Building Bridges in a Great Divide

One serious question we have to ask ourselves is how we can become more tolerant people. At the end of the day, we all have neighbors and want to live with each other, so we must build some bridges over the gaps we have created.

Building Bridges in a Great Divide
Photo by Adrien CÉSARD / Unsplash

I cannot say that I never thought I would live to see an assassination attempt on a President in my lifetime; it was just a matter of time. I am almost certain that my kids or I will live through another major world conflict. It’s just part of human nature. We are power-hungry creatures. You can go back in history and see the state of civilization at specific points in time and mark the times when we have raised the temperature so high that two sides of the same coin can no longer coexist. There are always two sides and a poor soul stuck in the middle.

When it comes to the United States, most parts of Europe, and almost all of Latin America, it is obvious we are reaching a boiling point where core Judeo-Christian values are no longer the foundation of society. Instead, an antagonistic narrative towards these founding values is gaining the upper hand. The table talks are no longer engaged in tolerable discussion but in damaging, empathy-lacking demonization of the other side.
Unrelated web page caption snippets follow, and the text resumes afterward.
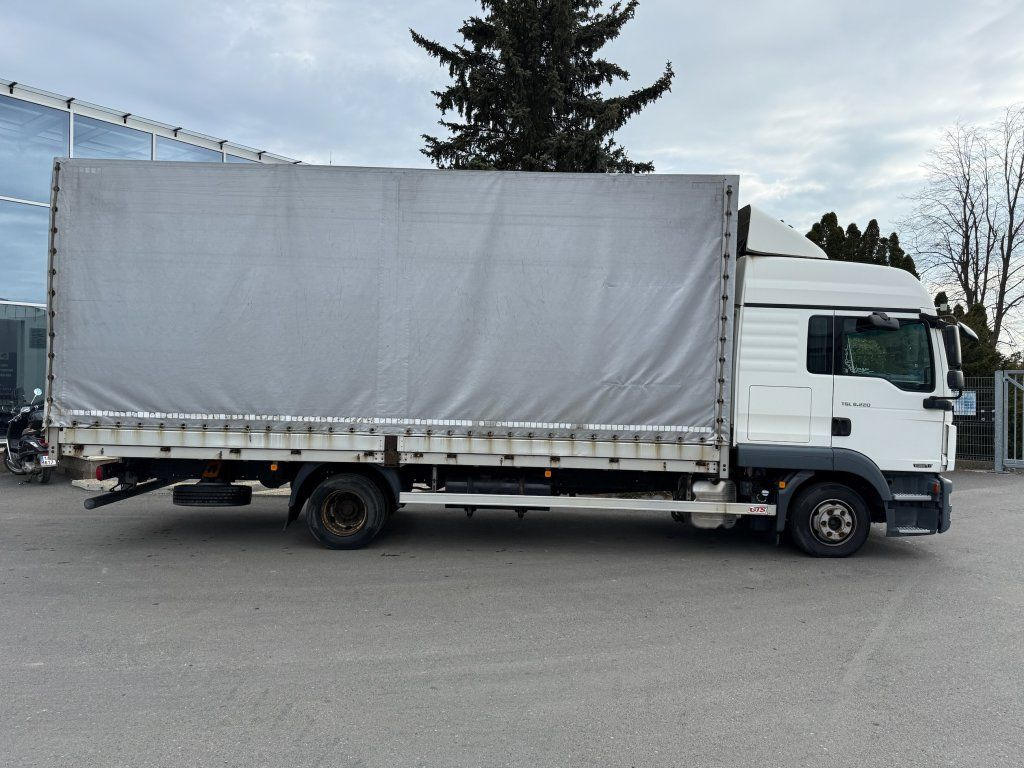 MAN TGL8.220 EURO 6 - Planen Transporter: das Bild 3 MAN TGL8.220 EURO 6 - Planen Transporter: das Bild 3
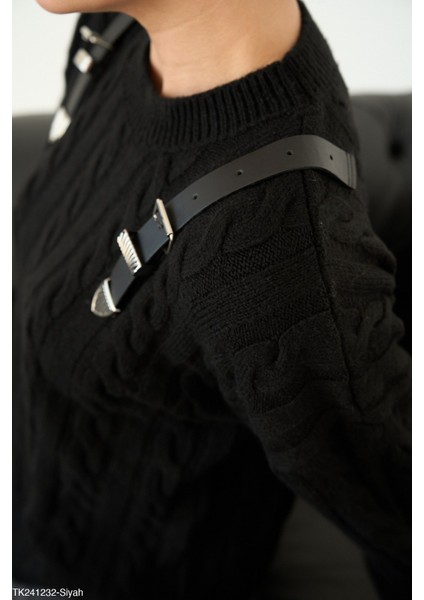 Kadın Aksesuarlı Örgü Desenli Kazak modelleri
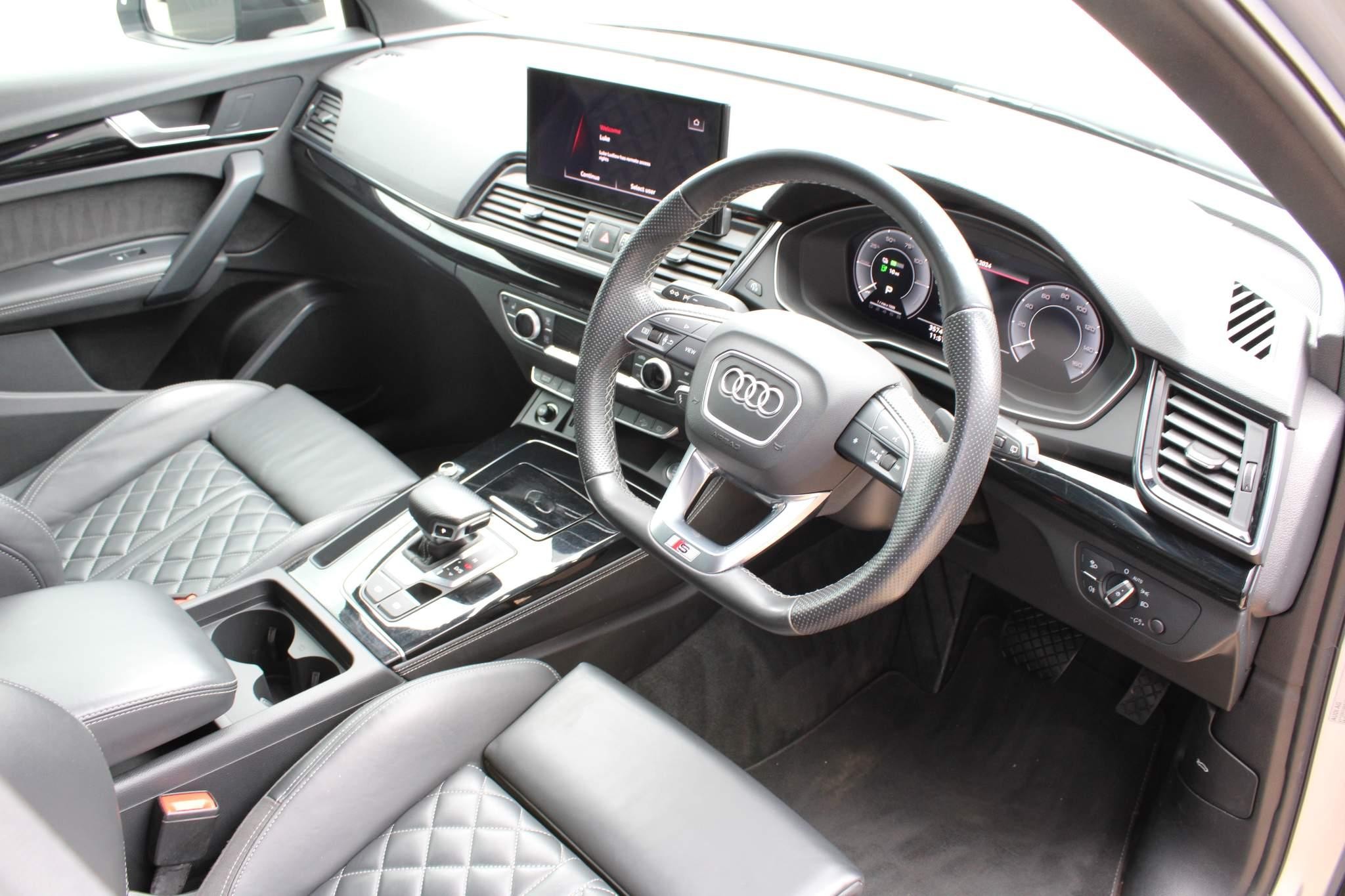 Audi Q5 Image 9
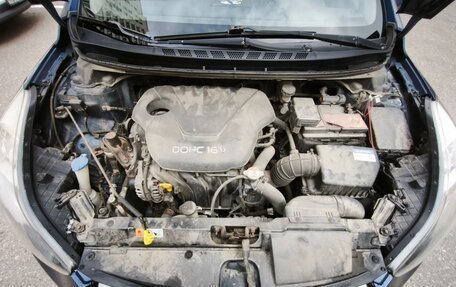 Hyundai Elantra V, 2012 год, 900 000 рублей, 11 фотография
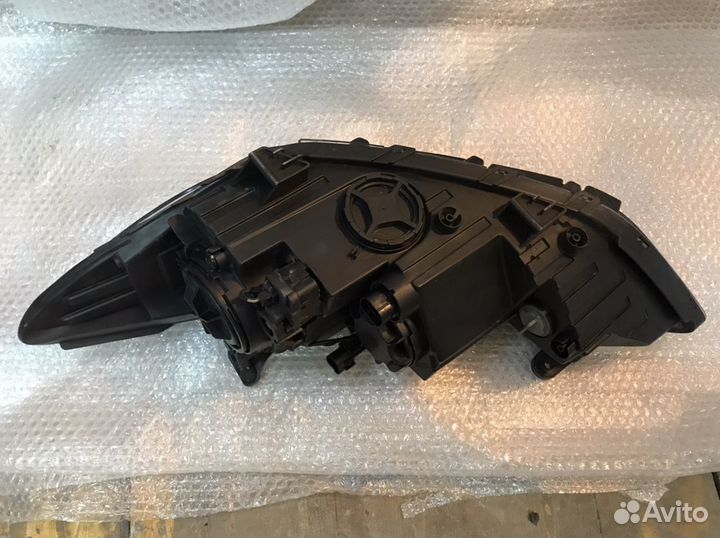 Фара правая Hyundai Elantra 6 дхо LED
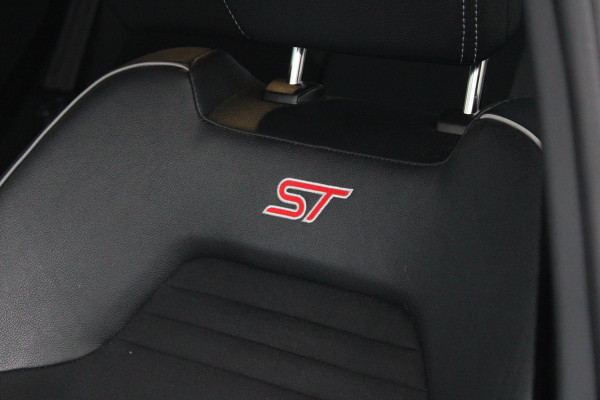 Ford Puma 1.5 EcoBoost ST-X | Winter Pack | Camera | Sper Differentieel | Bang & Olufsen | Launch Control | Zwart Dak |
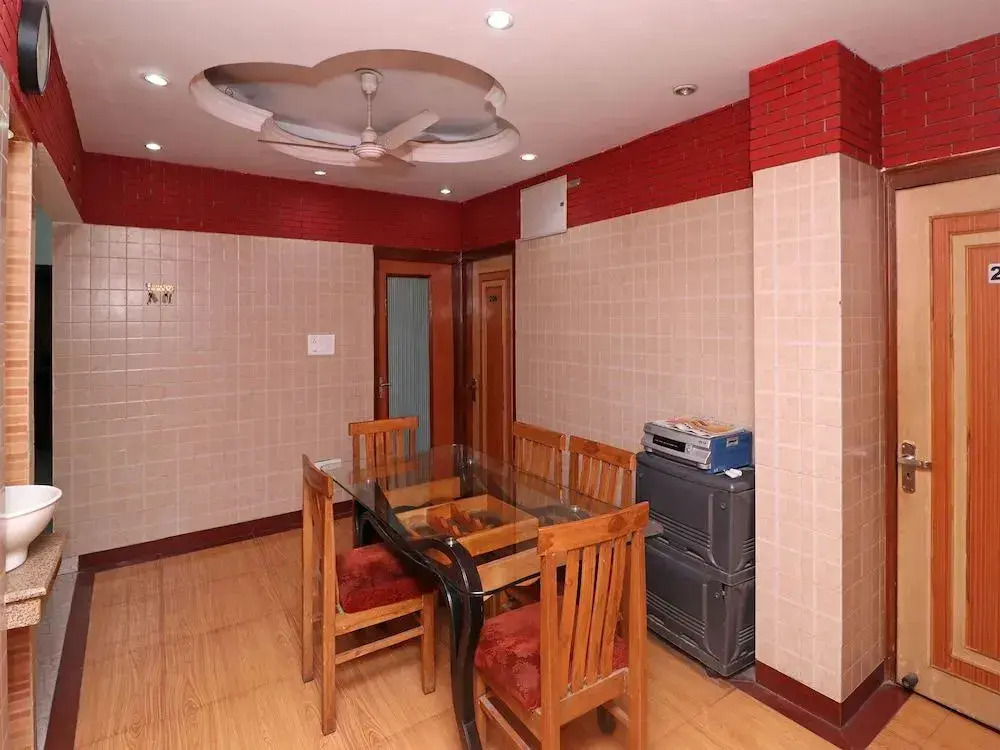 OYO 13495 Balaji Residency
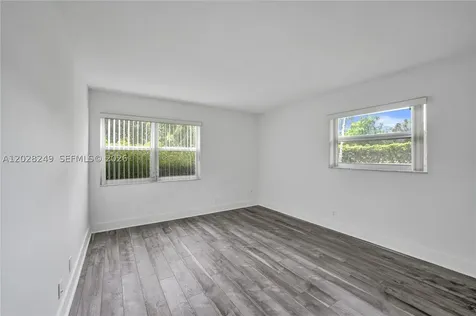 417 SE 4th Street Dania Beach FL 33004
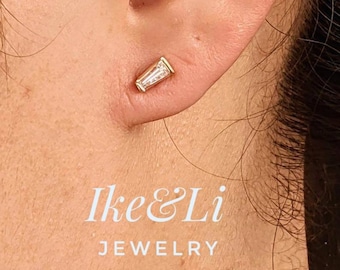 0.05ct. - 0.14ct. Pendientes de botón de medio par de diamantes baguette cónicos / diamantes naturales sin tratar / diamantes extraídos de la tierra / regalo para ella-él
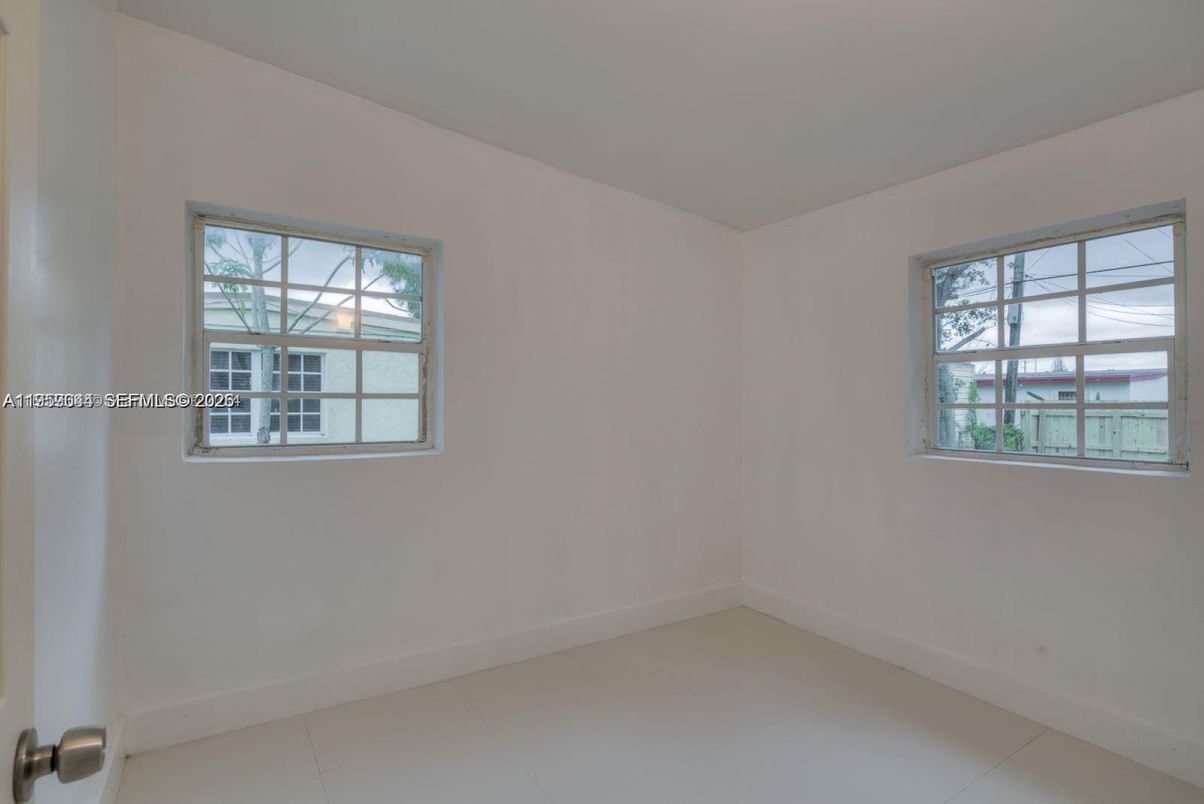 Empty room, Interior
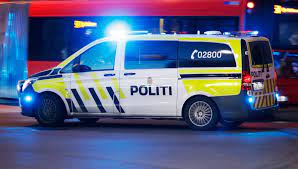 Operasjonssentralen i oslo skriver om hendelser i kommunene oslo, asker og bærum besvarer ikke henvendelser her ☎112 for øyeblikkelig hjelp ☎. Politiet Leter Etter Mann Med Pistol I Oslo Document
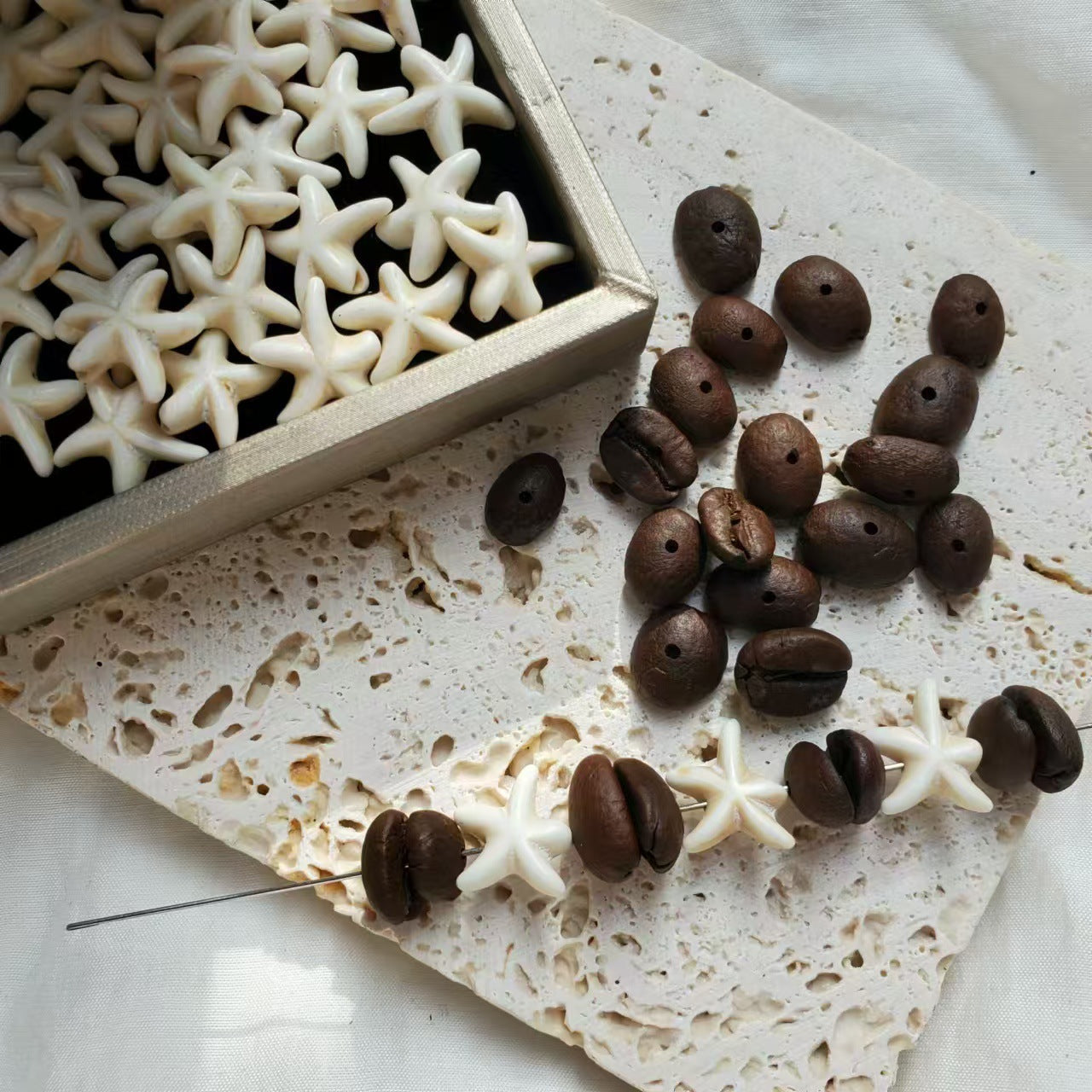 One Thousand Pieces Per Bottle Get Bracelets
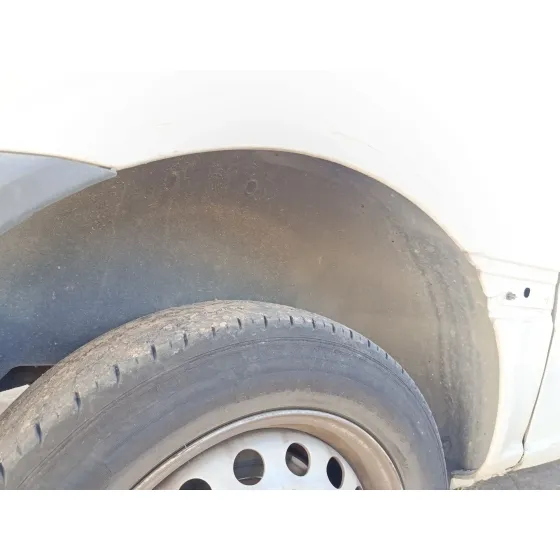 Plastico Paso Rueda Trasero Izquierdo para Mercedes-Benz Vito / Mixto Furgoneta (W639)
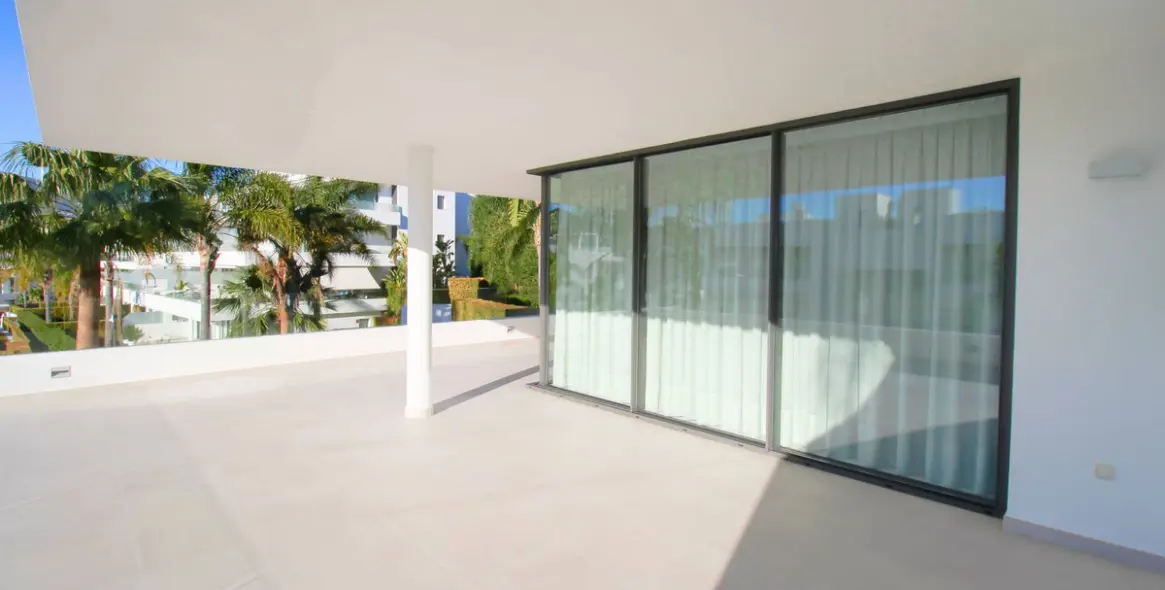 Продажа апартаментов на среднем этаже в New Golden Mile 13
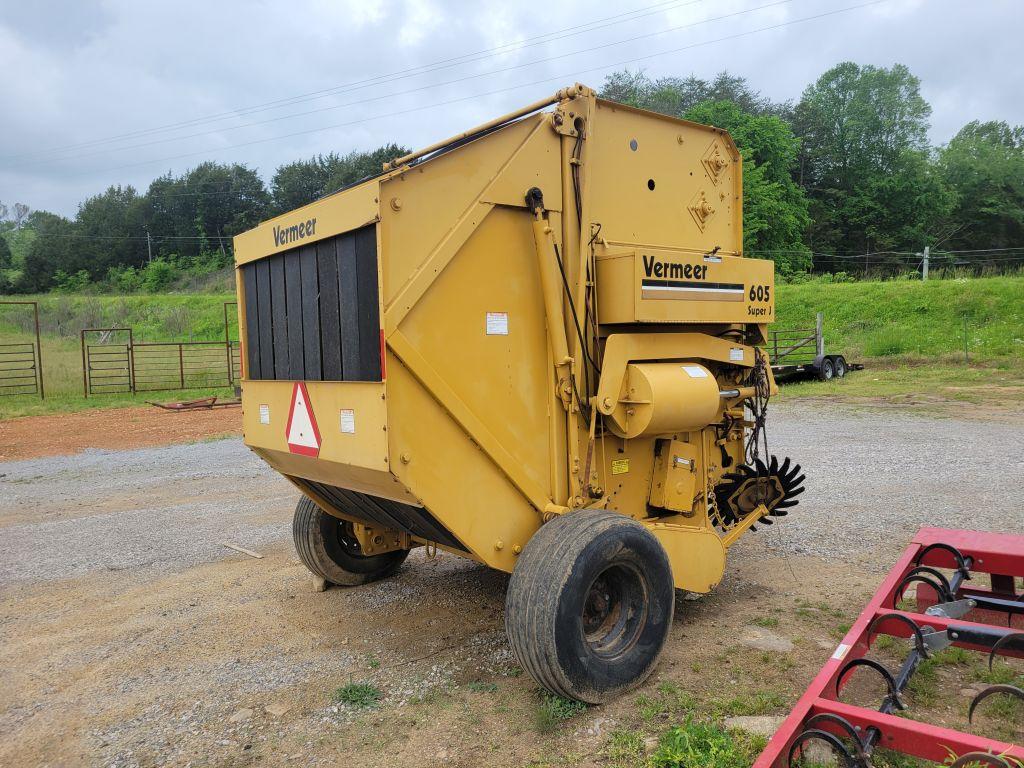 VERMEER SUPER J 605 ROUND BALER, S:1VRA121R5L1004439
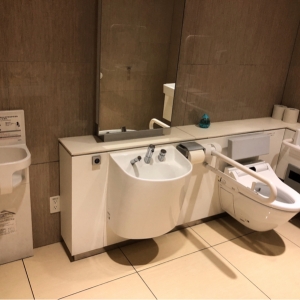 メイクマン浦添本店(2F)のオムツ替え台情報 画像2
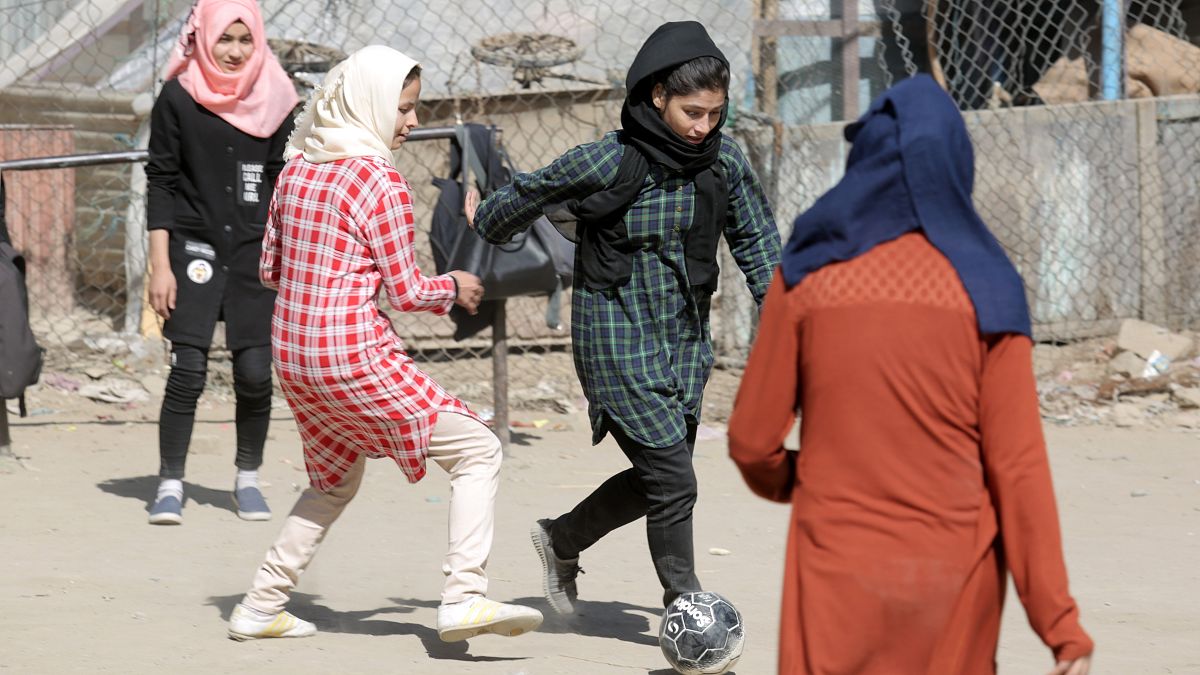 Madina Azizi und weitere Fußballerinnen 2018 in Afghanistan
I say "Judeo-Christian," but neither is faithfully represented in the underlying foundation of our Western civilization. Instead, what we see is a mere human interpretation of what people think each faith's values should be in our societal and political systems, both then and now. Despite this, both have brought out the best in humanity, yet they are still stained with some of the worst. This leaves one thing clear: we do a very poor job representing each faith. Just as in our day-to-day lives, no one is perfect, but we must aim for something.

One serious question we have to ask ourselves is how we can become more tolerant people. At the end of the day, we all have neighbors and want to live with each other, so we must build some bridges over the gaps we have created.

There is real evil, and it does not miss a chance to manifest itself. Both extremes have it, and neither is quick to acknowledge it. It is, again, human nature, sinful nature, the fool's choice to say we have no sin in us. We must speak boldly and passionately about our beliefs, but still be able to sit at the same table with our neighbors. We have to tone it down; if not, things will escalate so quickly that we will no longer recognize the world we live in, and it will happen fast.

It always happens when one side sees the other as less than human; then the natural outcome is to treat them in a less-than-human way. You can fill in the blank with what history has taught us: unmeasured creativity in the most dehumanizing ways to end life.

Governments are important; they allow us to avoid chaos. But when the government is polarized to one extreme, and even more so, works towards polarizing everyone else into that extreme, instead of focusing on bringing unity, we are in big trouble. A house divided against itself will not stand.

Interesting times lie ahead, but in reality, we have been there for the last 40 to 50 years. So the question is, how long will this "fake state of peace" endure? Regardless of the hopelessness of achieving peace through a natural agreement when choices and values are direct opposites, it is our job to never stop trying to build bridges and not divides.

I believe we have built some beautiful bridges in the past; it is within our capabilities. That's why God made different cultures. Yet we can count on two things: we will build and destroy bridges, and there will always be a divide. The final solution is God closing that divide, as it is the one thing outside our capability.